— Говорят, что город решено взоррр-в-в-ать. Чтобы оставить немцам только раз-в-в-в-а-а-лины. Людям дадут дополнительный па-а-е-к, и они с-с-с-де-ла-ют это. Ты ни-чего не можешь сказать мне по эт-т-то-му по-о-о-воду?..
Николай замолк, тяжело дышит и пробует найти в полутьме глаза своего друга.
— Извини, я закурю. У меня постоянно горит в горле.
— Как Варвара?
— Опухает Варвара… Собралась немного постирать… Закурил — легче стало… Она, как прежде, подает мне полотенце. Кладет в карман чистый платок, выстиранный неизвестно как. И выпрашивает на улице для меня табак — у солдат. Без нее я не прожил бы и недели… — Николай Баранников закашлялся. Глаза налились слезами. — Я з-з-з-наю, она дож-ж-ж-ивет до весны и будет жить вечно, — дожить до старости в наше время, разве не прожить целую вечность!
— Ник, послушай меня! — Вадим придвинулся к другу. — Ты очень плох. Выпей чай. У меня есть лепешки.

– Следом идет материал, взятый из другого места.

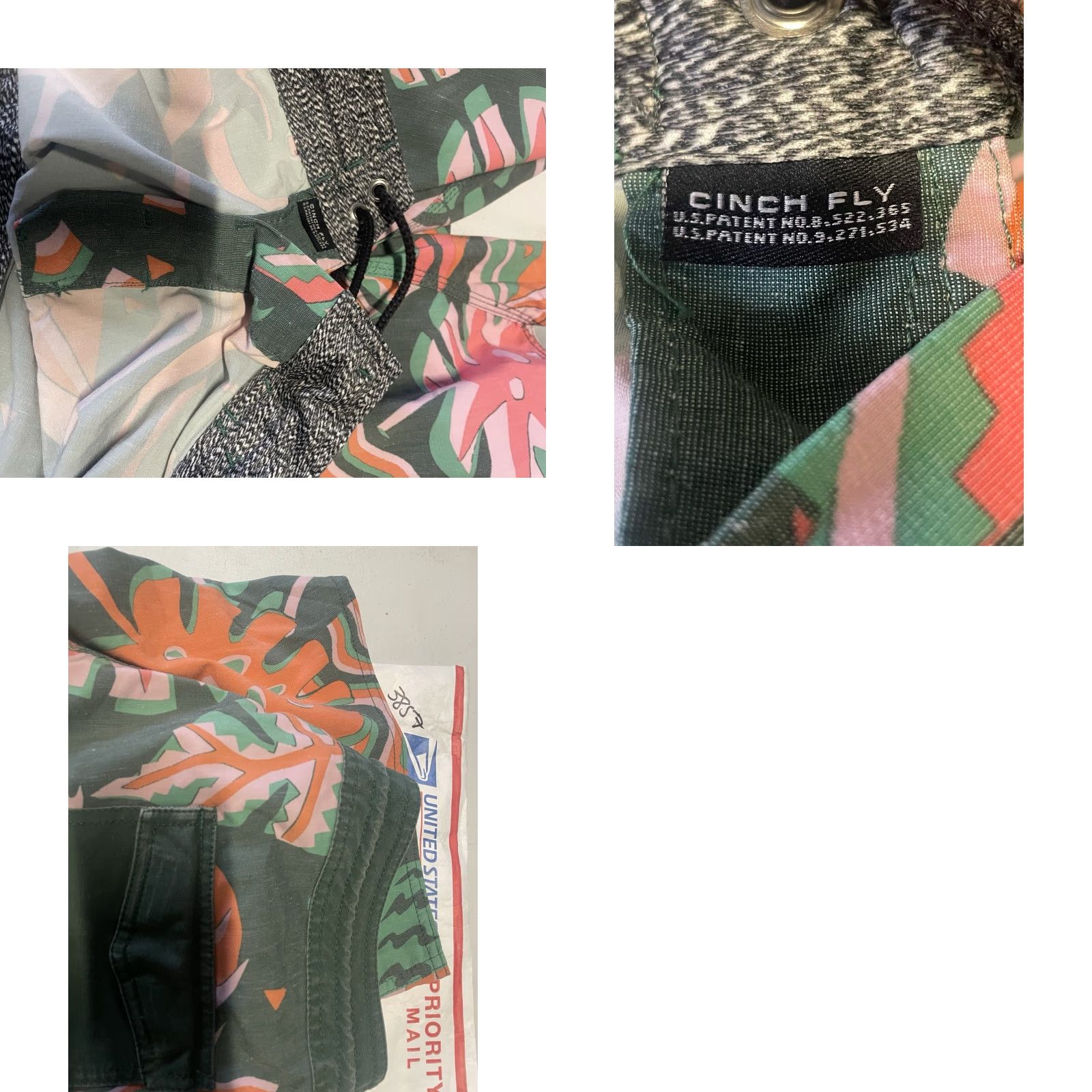 Volcom Volcom Swim Trunks Mens Size 34 Cinch Fly Colorful Leaves Size US 34 / EU 50 - 8 Thumbnail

— Позволь, я выкурю еще папироску.
— Да, конечно. Но послушай. Нам нужно найти выход. Мы еще можем вырваться отсюда. Немцы войдут в город, когда он станет пустой. Но у нас есть право на жизнь! И небольшие шансы все-таки есть. Подумаем вместе о спасении. Мы что-нибудь придумаем. Еще не все потеряно. Неужели нам больше не пить цинандали! А, Ник!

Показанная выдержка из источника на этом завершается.